If he's meaning "it'll do 80mpg in a one-man bullet-shaped vehicle" then... well, it's earth shattering for the Americans but we've got better over here...
@ christian graffeuille
This is the point that seems counter intuitive. Ceramic is a good insulator compared with say Al but it is piss poor compared to air. Several orders of magnitude worse in fact.
Air ~ 0.024 W/mK
Al2O3 ~ 5 - 25 W/mK (varies with temperature)
200 to1000x better thermal conductor.
Manufacturers already make ceramic coatings for aluminium pistons but these are more for preventing burn/pitting at hot spots (due to complex shapes e.g. pockets for valve clearance).
Ceramic coated exhausts are extensively used in motorsport already - thin layer though to reduce radiation I think more than anything. Air gaps between heat shields are the 'best' insulation. Rock wool etc. works because the air trapped not because the fibres are poor conductors.
"Narayan and his team...
"..., as is normal in semiconductor research, achieved their results using doping."
Finally an answer to the age-old question - 'how are semiconductor researchers and professional cyclists alike?'
hotter is better
>This insulating layer is disrupted/non existent in high temp/pressure ceramic engines causing greater heat loss through conduction and an associated loss in efficiency and increase in block cooling requirement.
Ceramic is a poor heat conductor. Ideallly (yes, I know) a ceramic engine would have no cooling, and would be wrapped in insulation.
No heat loss (except via the exhaust) means all the energy is used to move the car, rather than 70% used to heat the air at the moment.*
A thick coat of ceramic on cylinder/piston/exhaust would be a tremendous start toward that goal. The metal underneath would of course have to be kept at the usual temperatures, just like now.
*Well all the fuel is used to heat the air if you think about it: when you have moved from A to B, *all* the moving energy has been spent in friction (mainly against air, tyres and brakes) which ends up heating the air.
80+ mpg... so what
Engines these days are more than capable of achieving this sort of figure... but the consumer and political need to make cars safer and have more gadgets to make them safer and more fun... has added huge amounts of weight to your average vehicle.

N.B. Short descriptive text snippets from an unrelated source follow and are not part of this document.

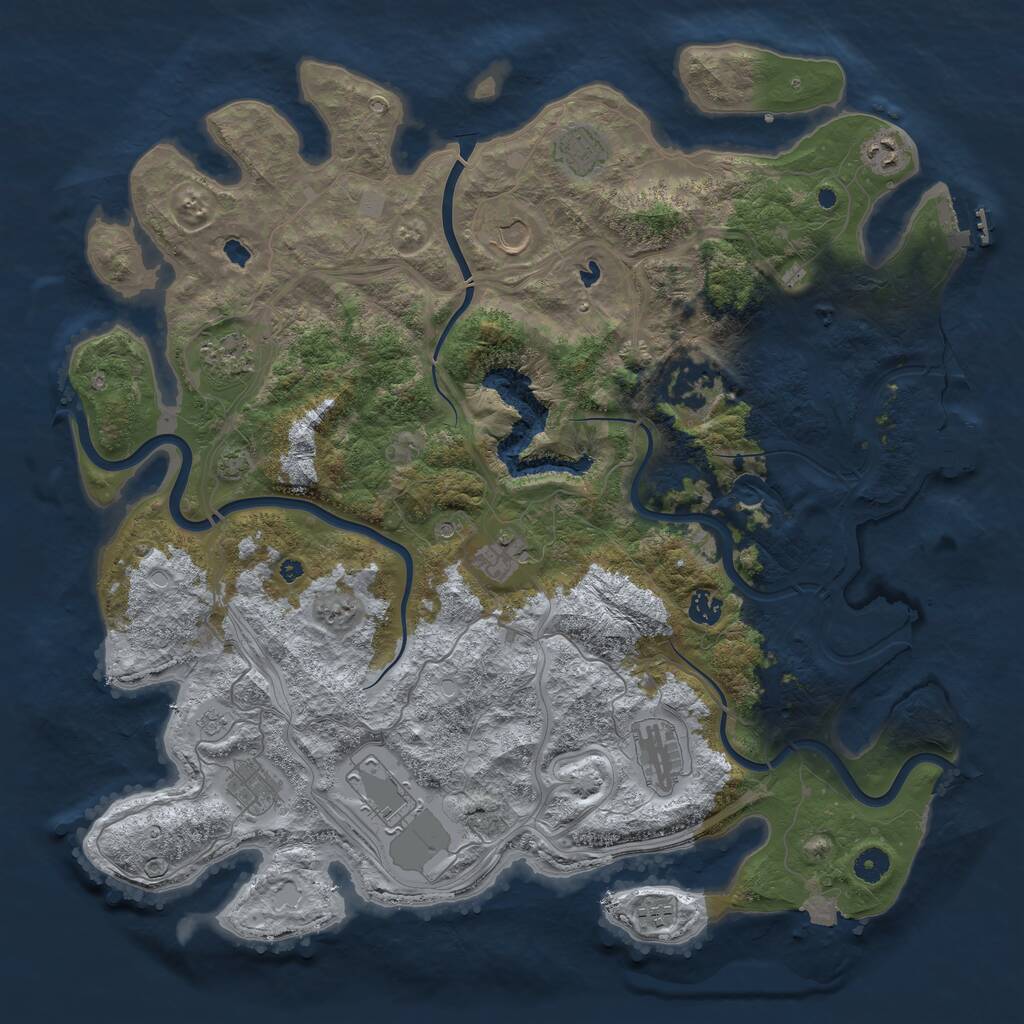 Rust Map: Procedural Map, Size: 4500, Seed: 521595, 17 Monuments
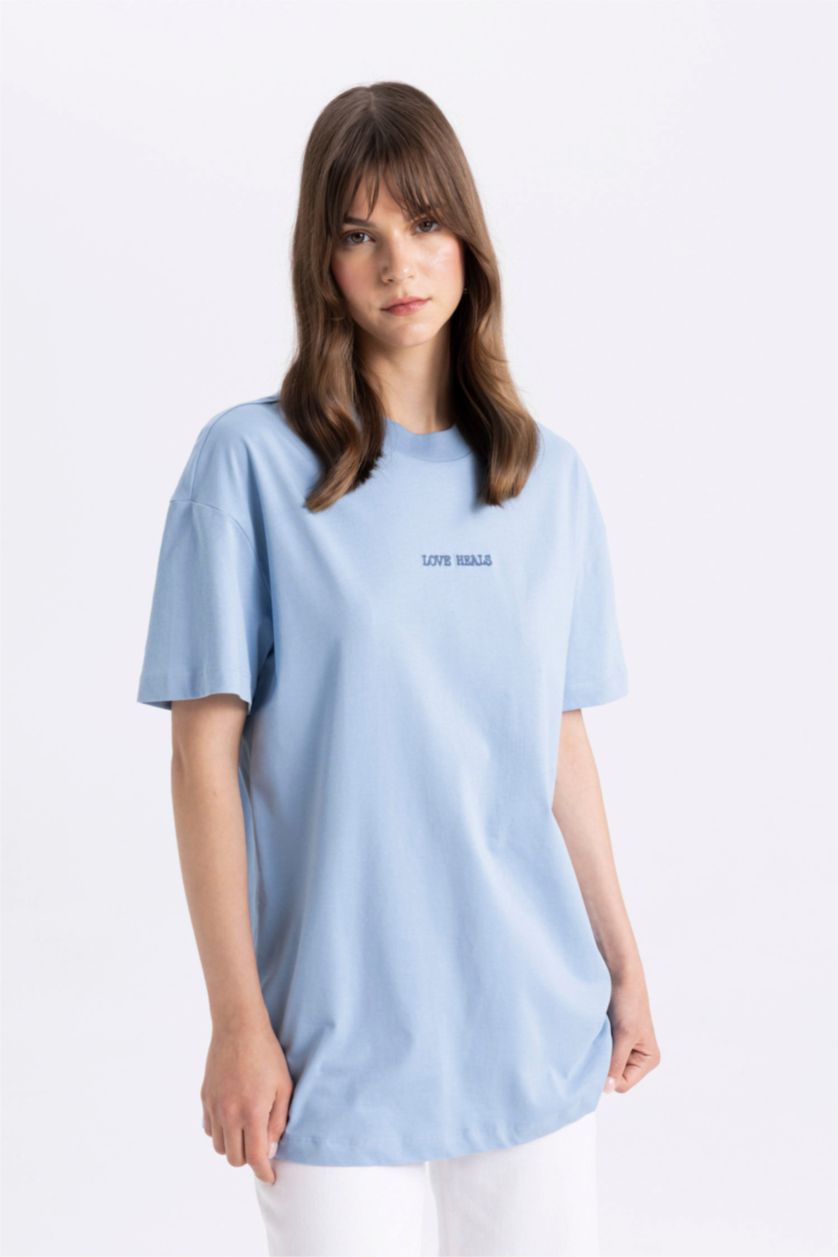 حريمي أزرق فاتح تونيك تيشيرت نص كم قصة عادية بياقة مستديرة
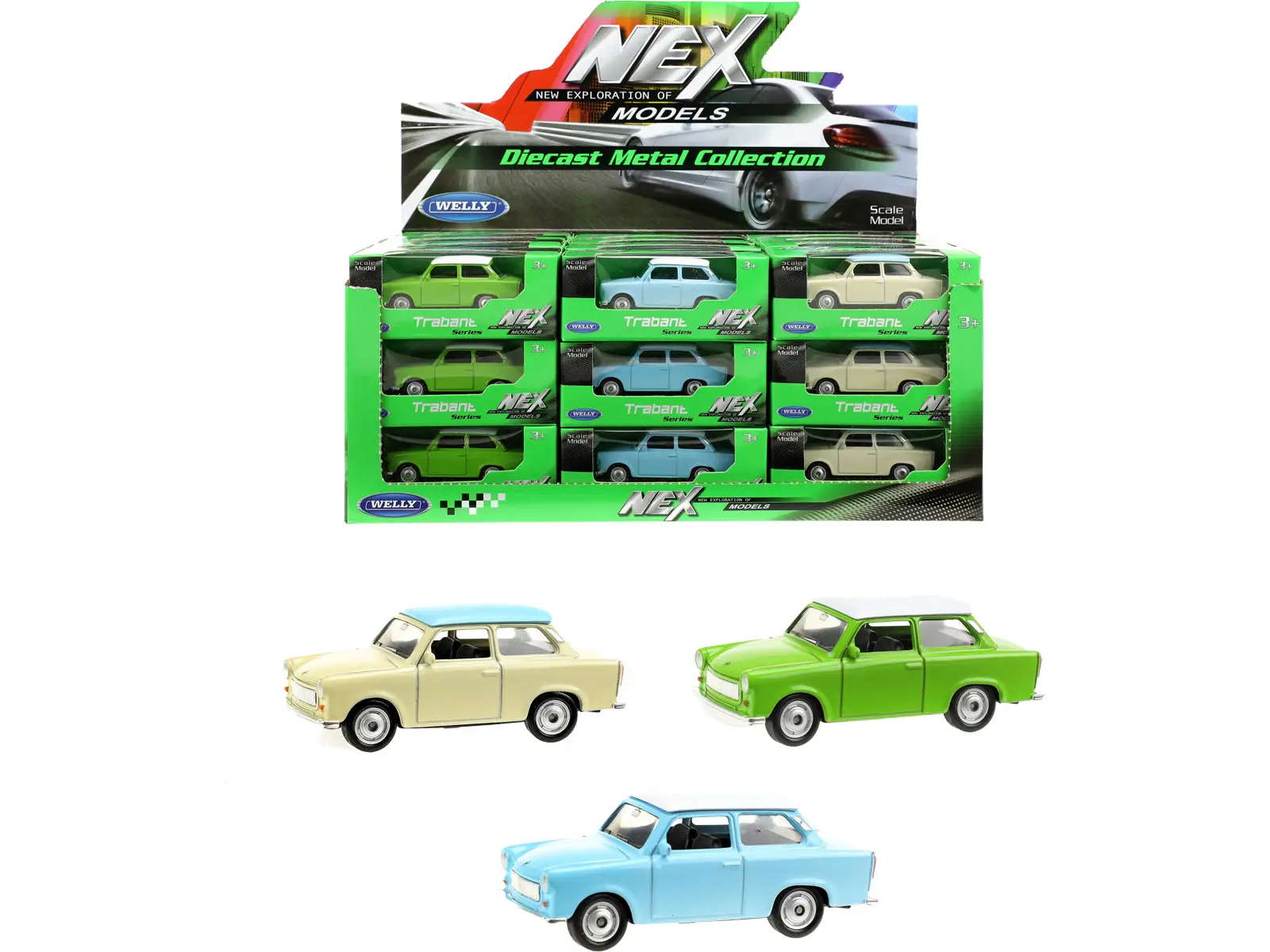 WELLY Trabant, 3 Modelle, 36er Disp.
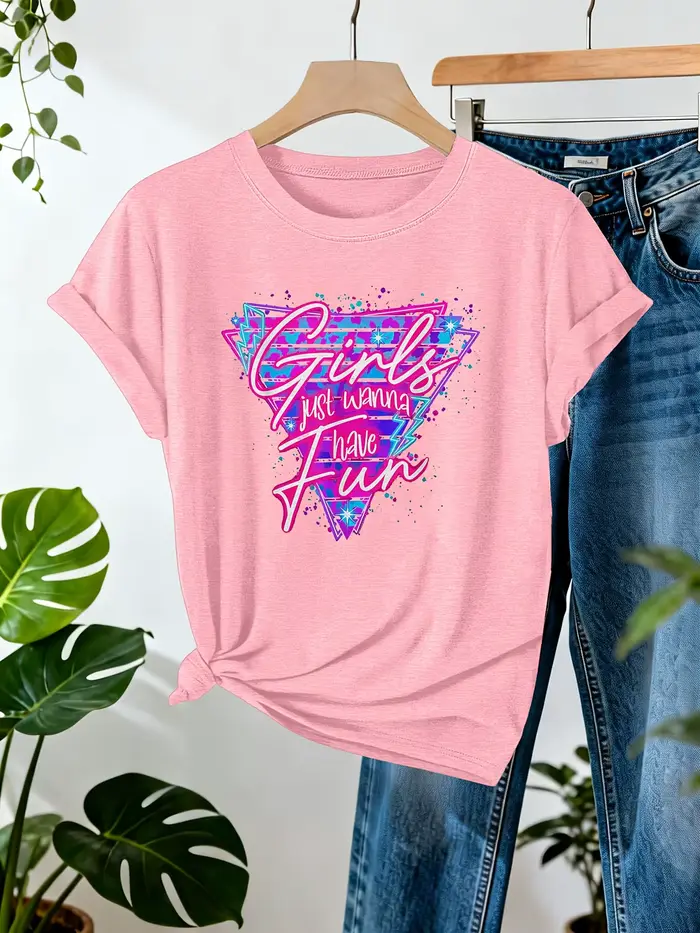 T-shirt pour femme Girls Just Wanna Have Fun - Motif rétro des années 80, haut décontracté pour les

Take a modern fuel efficient engine of say 1.6 or 1.8lts and stick it in a car from 20-30 yrs ago that had the same sized engine... and you'll see just what a difference it makes.
Like the guy who dropped a 2lt Honda engine into an old Ford and was getting 50 mpg and upwards... the car was 200kg's lighter.
I know some will harp on about crash cells and safety features... but cars can be built strong and safe with lighter materials at not much extra cost these days... Some are already using plastics on certain body panels... and still these cars are heavy lumbering beasts that can barely match the MPG's of cars from 20yrs ago.
Here's another example... I owned a 1990 Ford Sierra 1.8lx and on a run it would do 39mpg that's 70-80 mph for 400 miles.
I now drive an 07 Mazda 3 1.8 TS2 and get 40 mpg on a run at the same average speeds.
I know for a fact the Ford engine in my old sierra was not a very efficient one, wasn't even fuel injected... The difference is in the weights of the cars... and the Mazda 3 is supposed to be the smaller of the two.